Pero el interés de la cinta de Amenábar no procede tanto de la evocación, más o menos acertada, de personajes y de sucesos históricos como de su manera de situarnos ante las dramáticas limitaciones de los seres humanos. Los del 36 y los de ahora somos hombres pequeños y débiles, por muchos libros que hayamos escrito o muchos galones y medallas que adornen nuestras guerreras. Y, frente a nosotros, la realidad es tozuda y difícilmente manejable, siempre evasiva, dispuesta a escurrírsenos entre los dedos y a no mantenerse dentro de nuestros corrales. Débiles nosotros y fuerte lo que nos envuelve, damos palos de ciego a un lado y a otro y Amenábar, más que a los detalles de la erudición histórica, atiende a transmitirnos ese mensaje perdurable. La ambigüedad está en la médula del alma humana y se nutre, además, del contradictorio efecto de nuestros actos. No hay nada seguro, al menos, enteramente seguro. Y tampoco con lo que decimos o lo que hacemos queda claro, ni siquiera para nosotros mismos, ni lo que somos ni lo que pretendemos. Reflejo del mundo del que procedemos, encarnamos sus contradicciones.
Y, sin embargo y por ser la verdad, no es malo reconocerlo. Incluso es bueno hacerlo patente y mostrarlo como lo hace, a mi entender, Amenábar. Tener claro que nuestro entorno es espinoso y que siempre se las arreglará para darnos un zarpazo es un antídoto para el fanatismo. La ambigüedad no se casa con las soluciones dogmáticas, ni con las recetas curalotodo, ni con la pretensión de carisma de sus dispensadores.
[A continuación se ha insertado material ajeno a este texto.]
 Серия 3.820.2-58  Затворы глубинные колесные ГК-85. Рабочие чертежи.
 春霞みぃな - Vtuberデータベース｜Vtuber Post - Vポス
El Unamuno de Amenábar no es un hombre fuerte ni decidido ni enérgico. Detienen a sus amigos delante de él y él no responde como lo hubiera hecho el poderoso Aquiles. Se limita a tímidas gestiones. Quiere seguir creyendo que acertó cuando dio su apoyo a los generales rebeldes y, sin embargo, ve ahora que uno de ellos, Millán-Astray, al que se describe como un matón, se va haciendo dueño de la junta militar. Le admiran como escritor, pero lo hacen los analfabetos y quienes, como la esposa de Franco, sólo quieren atender a una parte de su obra. Y no quiere hablar en el acto del día de la raza porque se teme a sí mismo y teme llegar a donde no le interesa. ¿Condena, por todo ello, el director a su personaje? Creo que no. Al contrario, su propuesta es un homenaje al hombre real, al hombre de carne y hueso que, según la expresión acuñada por el propio Unamuno, es el único que verdaderamente interesa.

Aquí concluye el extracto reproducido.